• [Exercise aim] For this exercise, write out only the lines of the entries below from the one with "VIH La prise" up to and including the one with "CS2与Vitality分获TGA 2025年度最佳电竞游戏及战队奖", exactly as they are. Pictures stay out.

• [Data in this exercise]
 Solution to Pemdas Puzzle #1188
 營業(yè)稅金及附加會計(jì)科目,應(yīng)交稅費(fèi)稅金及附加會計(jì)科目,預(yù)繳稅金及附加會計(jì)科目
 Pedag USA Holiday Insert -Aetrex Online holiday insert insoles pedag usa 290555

...

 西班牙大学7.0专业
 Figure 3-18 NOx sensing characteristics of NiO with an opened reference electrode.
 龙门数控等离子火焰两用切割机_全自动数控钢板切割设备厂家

...

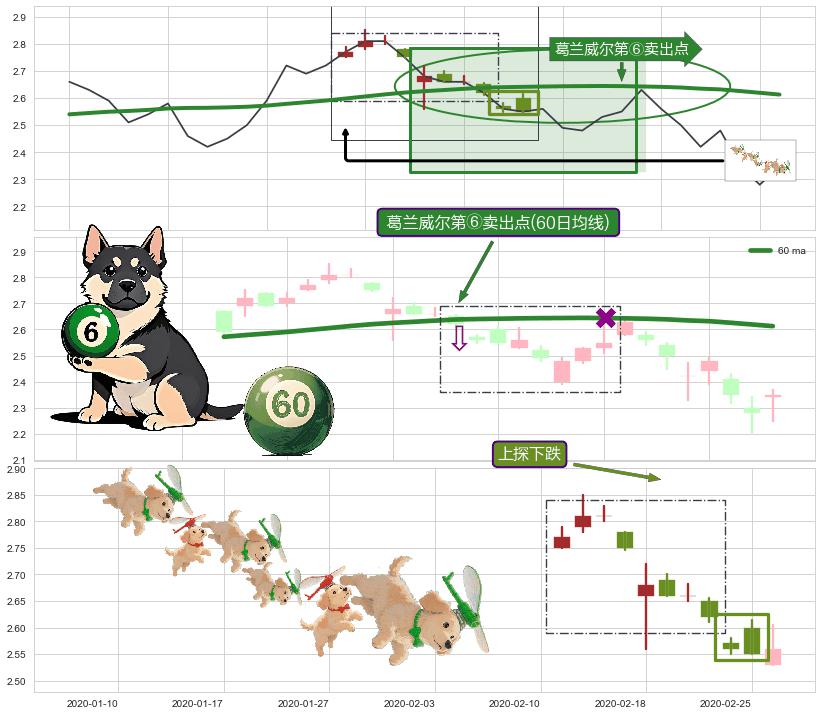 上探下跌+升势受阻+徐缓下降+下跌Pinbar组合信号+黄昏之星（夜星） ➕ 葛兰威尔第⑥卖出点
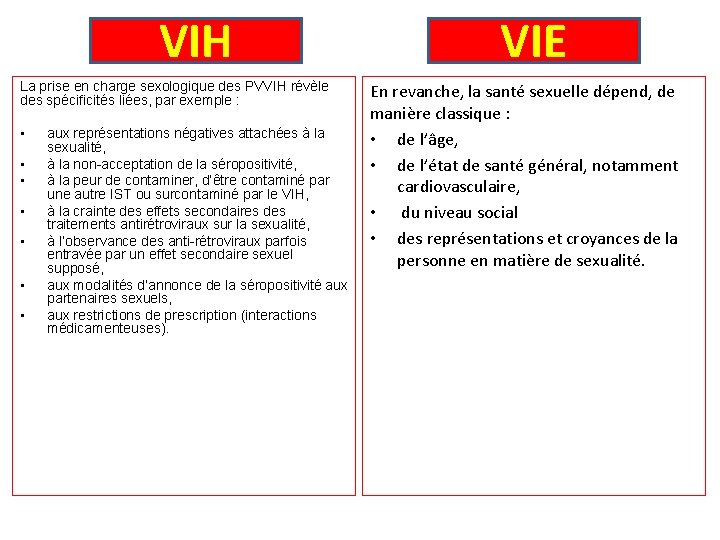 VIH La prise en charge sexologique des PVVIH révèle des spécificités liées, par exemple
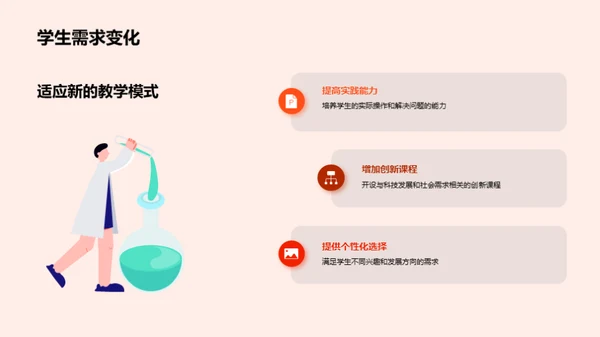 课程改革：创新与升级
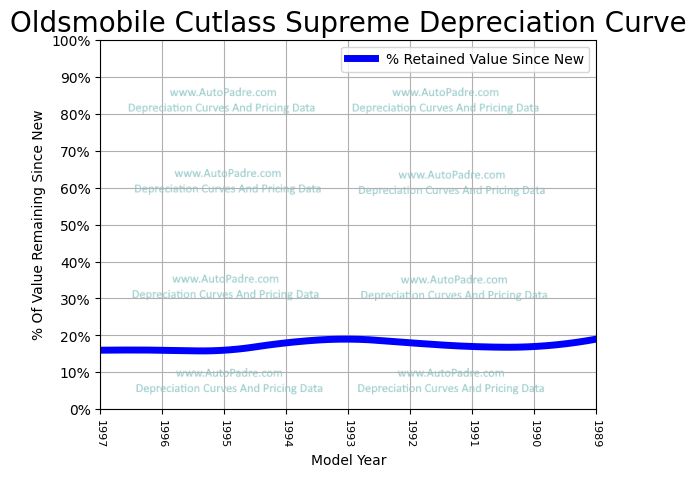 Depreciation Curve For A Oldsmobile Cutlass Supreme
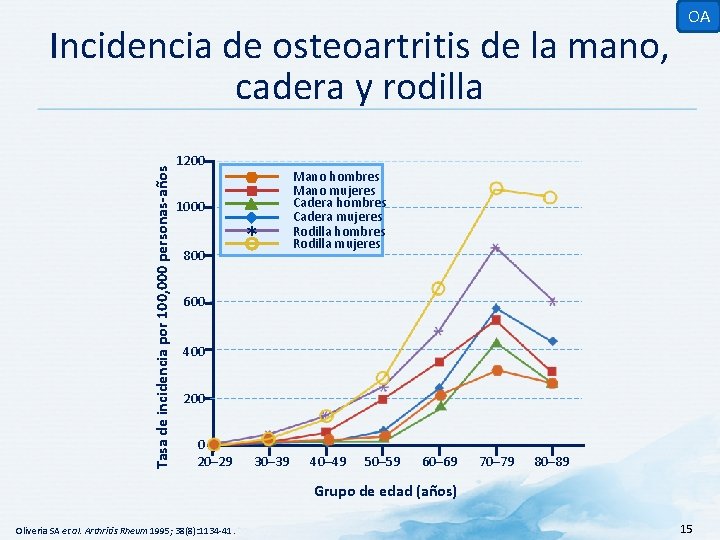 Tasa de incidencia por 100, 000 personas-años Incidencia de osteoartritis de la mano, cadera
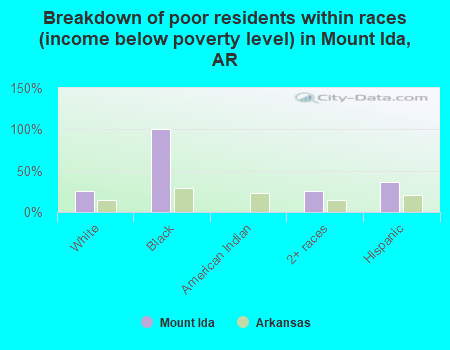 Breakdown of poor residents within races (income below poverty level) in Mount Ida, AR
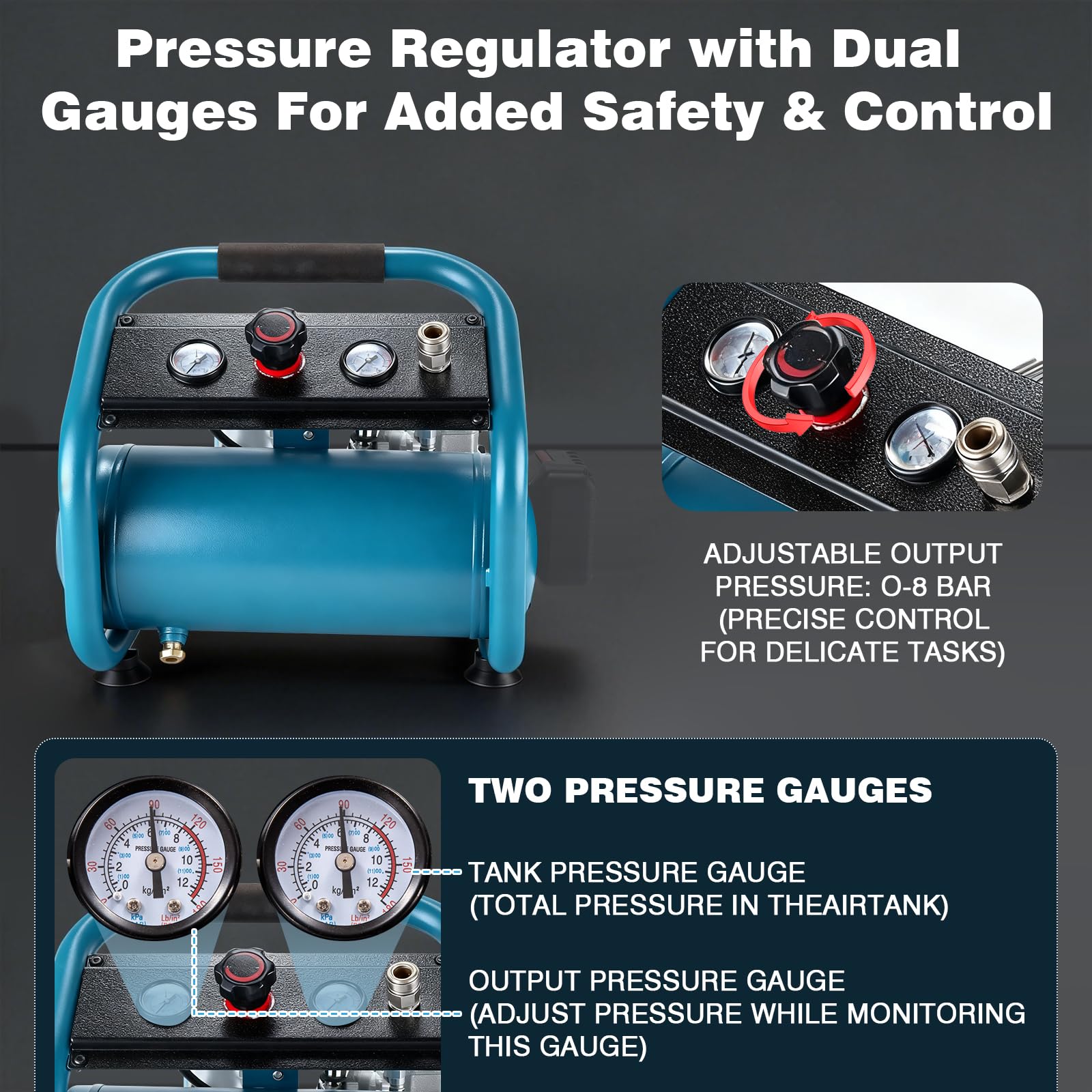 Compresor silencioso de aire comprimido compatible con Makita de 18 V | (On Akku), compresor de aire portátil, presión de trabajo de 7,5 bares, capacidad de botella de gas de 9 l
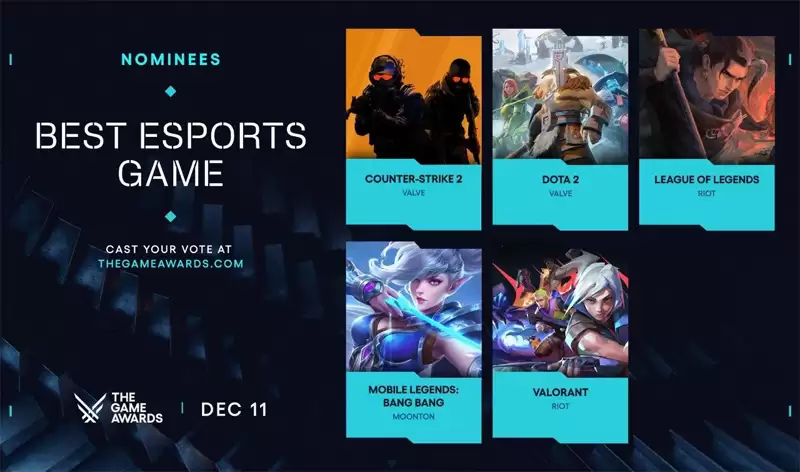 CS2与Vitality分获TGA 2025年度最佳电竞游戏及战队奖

• [Task result]
 VIH La prise en charge sexologique des PVVIH révèle des spécificités liées, par exemple
 课程改革：创新与升级
 Depreciation Curve For A Oldsmobile Cutlass Supreme
 Tasa de incidencia por 100, 000 personas-años Incidencia de osteoartritis de la mano, cadera
 Breakdown of poor residents within races (income below poverty level) in Mount Ida, AR
 Compresor silencioso de aire comprimido compatible con Makita de 18 V | (On Akku), compresor de aire portátil, presión de trabajo de 7,5 bares, capacidad de botella de gas de 9 l
 CS2与Vitality分获TGA 2025年度最佳电竞游戏及战队奖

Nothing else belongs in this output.